DECADES AFTER THEIR arrival in the United States in significant numbers following the Immigration and Naturalization Act of 1965, Indian Americans are entering the political fray. Like other ethnic communities, Indian Americans are not a monolithic group. Yet the most conservative Hindu elements have had some success in claiming to represent the whole community in recent debates regarding the certification of sixth grade history textbooks in California.
Every six years, the California State Board of Education (SBE) reviews educational materials for its core subjects (History-Social Science, Mathematics, Reading/ Language Arts, Science).

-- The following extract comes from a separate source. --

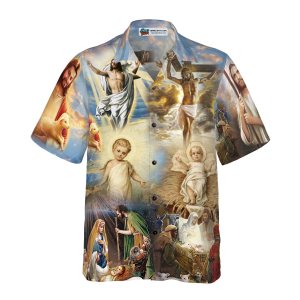 The Life of Jesus Hawaiian Shirt 3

In 2005, the history-social science texts were up for evaluation. As mandated, the SBE made the proposed textbooks available for public scrutiny and commentary. During hearings at the end of September 2005, representatives of several Muslim, Jewish, and Hindu organizations testified to problematic aspects of the educational materials. Two organizations with ties to militant Hindu nationalist groups in India, the Hindu Educational Foundation (HEF) and the Vedic Foundation (VF), complained vociferously that the textbooks’ representations of Hinduism and ancient Indian history were demeaning and stereotypical. (1) As a corrective, the religious organizations submitted lists of suggested additions and deletions from the instructional materials.
To be sure, the textbooks contained some inaccurate and insensitive material. For instance, one textbook explained that Hindi is written in the 18-letter Arabic script. Another cheekily titled a section on vegetarianism, Where’s the Beef? And a third described Hanuman, a simian character from the Ramayana, as “a monkey king,” who “loved Ram so much that it is said that he is present every time the Ramayana is told.” This book instructed students, “Look around—see any monkeys?”

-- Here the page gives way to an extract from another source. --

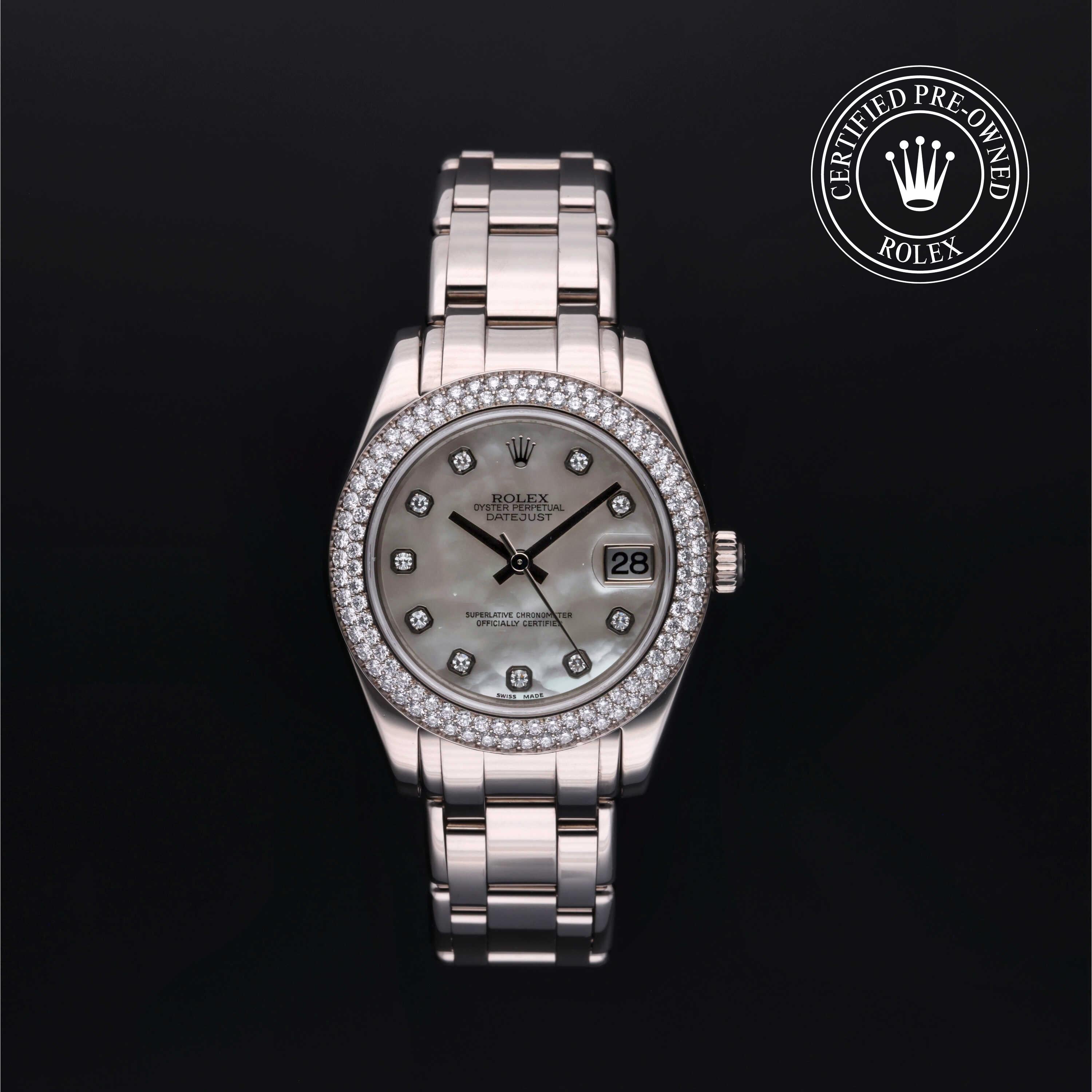 Oyster Perpetual Pearlmaster 34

References to Wendy’s commercials and royal monkeys aside however, the HEF and VF sought to interject more problematic content in the texts, proposing over 200 edits that promoted their sectarian understanding of Hinduism.
Among the HEF’s and VF’s alterations are that speakers of Indo-European languages (“Aryans”) should be represented as being indigenous to India instead of migrating from elsewhere; the caste system should be explained as a benign institution based on division of labor; and the word “Dalits” (the name for groups formerly known as “untouchables”) should be excised from textbooks. Hinduism should be described as a monotheistic faith and references to women’s oppression should be omitted. (2)

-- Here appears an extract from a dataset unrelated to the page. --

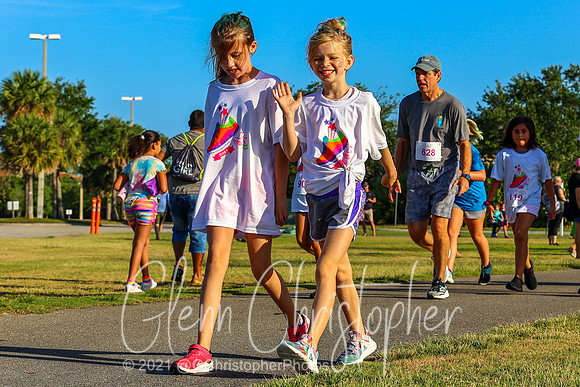 Girls on the Run - Spring 2021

Combined, these changes equate Ancient India with the history of Hinduism, reducing a diversity of religious practices and beliefs to those associated with the patriarchal, Brahmanical perspective while marginalizing the vital contributions of religious minorities, women, Adivasis (tribals) and Dalits to Indian history.
There are two major problems with the HEF’s and VF’s edits. First, they are not consistent with prevailing scholarship. Second, they represent a sectarian perspective aligned with extremist Hindu groups in India such as the Rashtriya Swayamsevak Sangh (RSS) and the Vishwa Hindu Parishad (VHP), which have been responsible for numerous violations of civil liberties and human rights.
Both the RSS and VHP belong to the militant Hindu conglomerate known as the Sangh Parivar that champions the transformation of India’s secular democracy into a Hindu nation. At the ideological level, militant Hindu nationalism, or Hindutva, has evolved into a form of fascism that creates an opposition between “insiders” and “outsiders,” seeking to assert Hindu religious identity in nationalist and culturalist terms. (3)
In the 1930s, Madhav Sadashiv Golwalkar, a foundational figure in the RSS revered as “Guruji,” ominously declared that “The non-Hindu peoples of Hindustan must either adopt the Hindu culture and language, must learn to respect and hold in reverence Hindu religion, must entertain no idea but the glorification of the Hindu race and culture ... in a word they must cease to be foreigners, or may stay in the country wholly subordinated to the Hindu nation, claiming nothing, deserving no privileges, far less any preferential treatment—not even citizen’s rights.” (4)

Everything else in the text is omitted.